### ENTRIES SHOWN ###

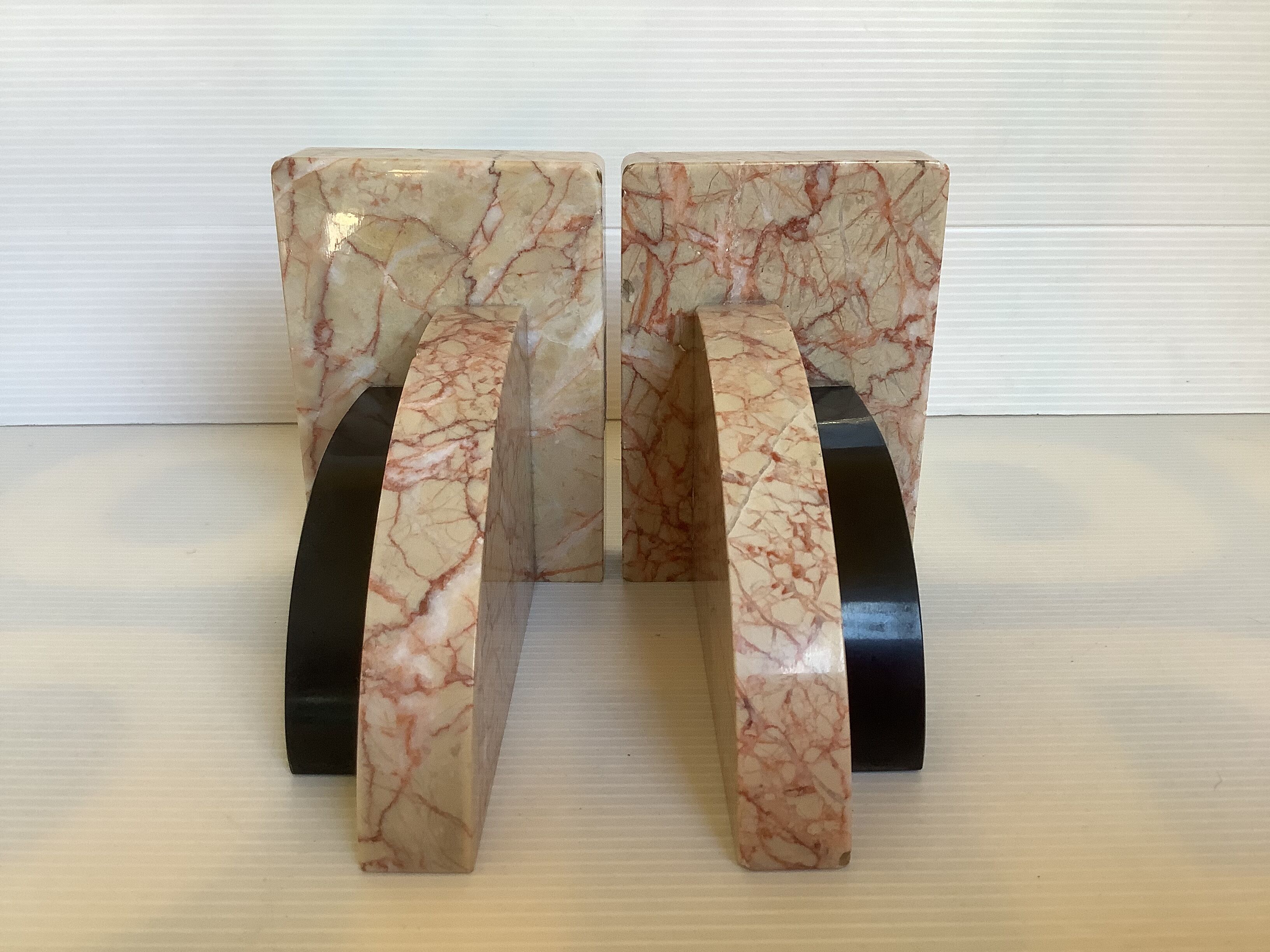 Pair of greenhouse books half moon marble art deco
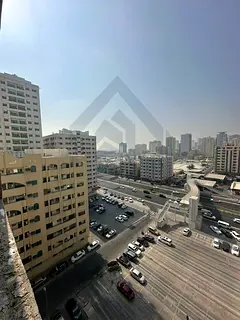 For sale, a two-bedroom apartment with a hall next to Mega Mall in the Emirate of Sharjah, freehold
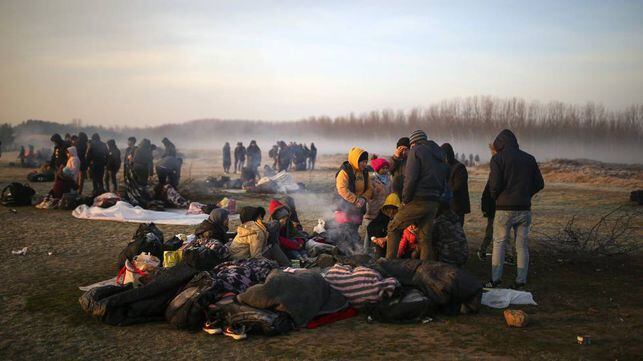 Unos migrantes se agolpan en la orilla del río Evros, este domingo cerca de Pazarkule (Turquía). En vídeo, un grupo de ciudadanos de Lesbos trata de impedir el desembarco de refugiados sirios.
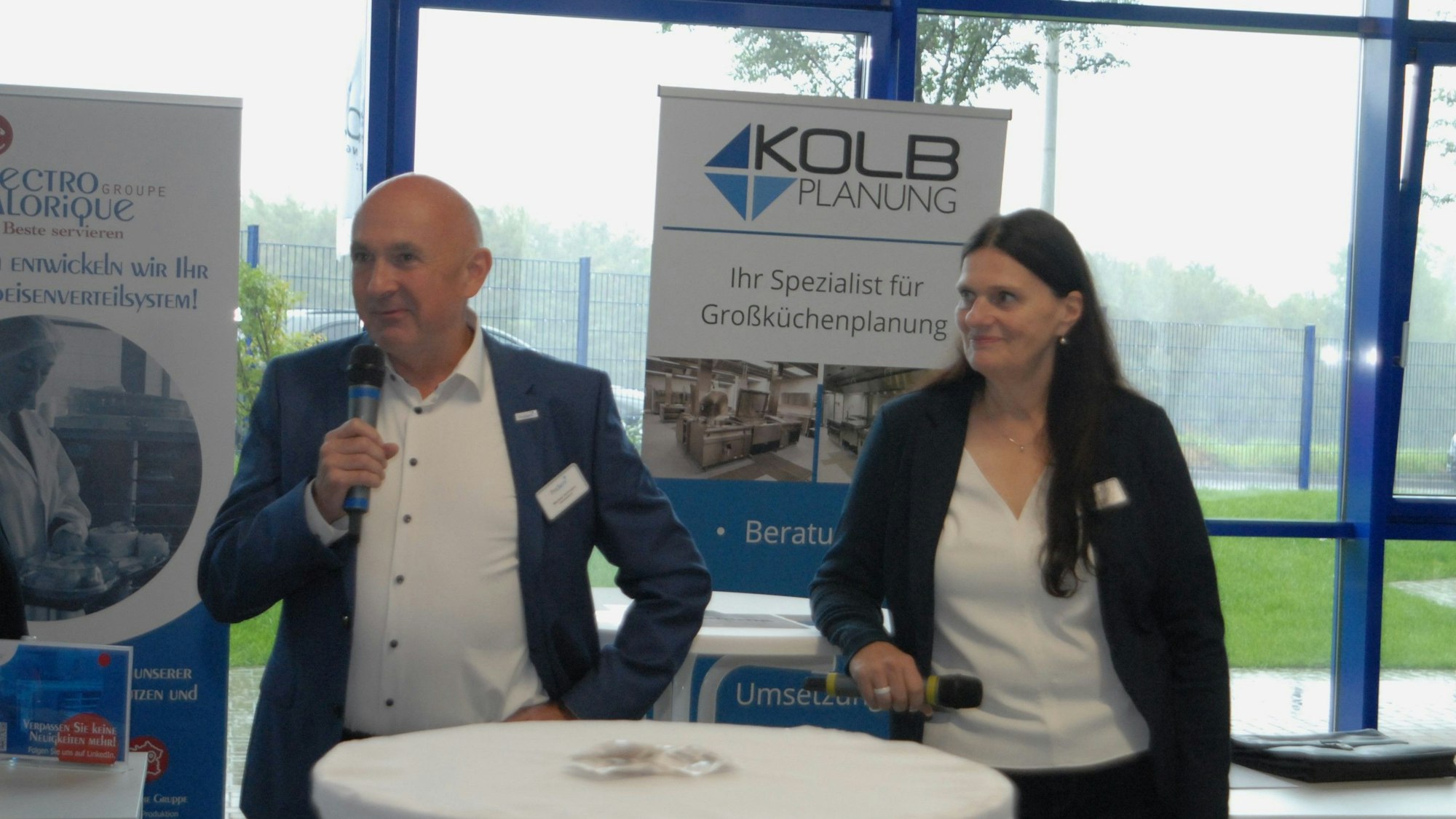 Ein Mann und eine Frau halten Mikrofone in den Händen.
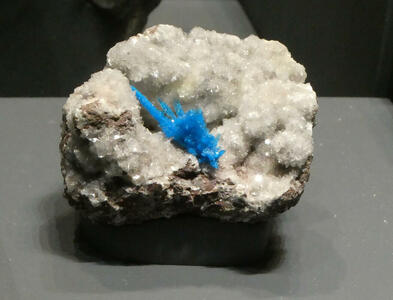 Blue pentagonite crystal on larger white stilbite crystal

###
### ENTRIES SHOWN ###

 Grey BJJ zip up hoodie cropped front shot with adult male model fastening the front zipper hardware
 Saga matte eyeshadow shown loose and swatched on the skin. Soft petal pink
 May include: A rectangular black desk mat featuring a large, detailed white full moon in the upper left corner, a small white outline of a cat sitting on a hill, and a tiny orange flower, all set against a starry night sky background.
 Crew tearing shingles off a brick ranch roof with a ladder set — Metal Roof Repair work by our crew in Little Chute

###

WHAT NEEDS TO BE DONE:
Look back over the records above. Reproduce exactly everything from the line with "Pair of greenhouse" down to the line with "Blue pentagonite crystal", inclusive, and leave the pictures out.

SOLVED EXERCISE:
 Pair of greenhouse books half moon marble art deco
 For sale, a two-bedroom apartment with a hall next to Mega Mall in the Emirate of Sharjah, freehold
 Unos migrantes se agolpan en la orilla del río Evros, este domingo cerca de Pazarkule (Turquía). En vídeo, un grupo de ciudadanos de Lesbos trata de impedir el desembarco de refugiados sirios.
 Ein Mann und eine Frau halten Mikrofone in den Händen.
 Blue pentagonite crystal on larger white stilbite crystal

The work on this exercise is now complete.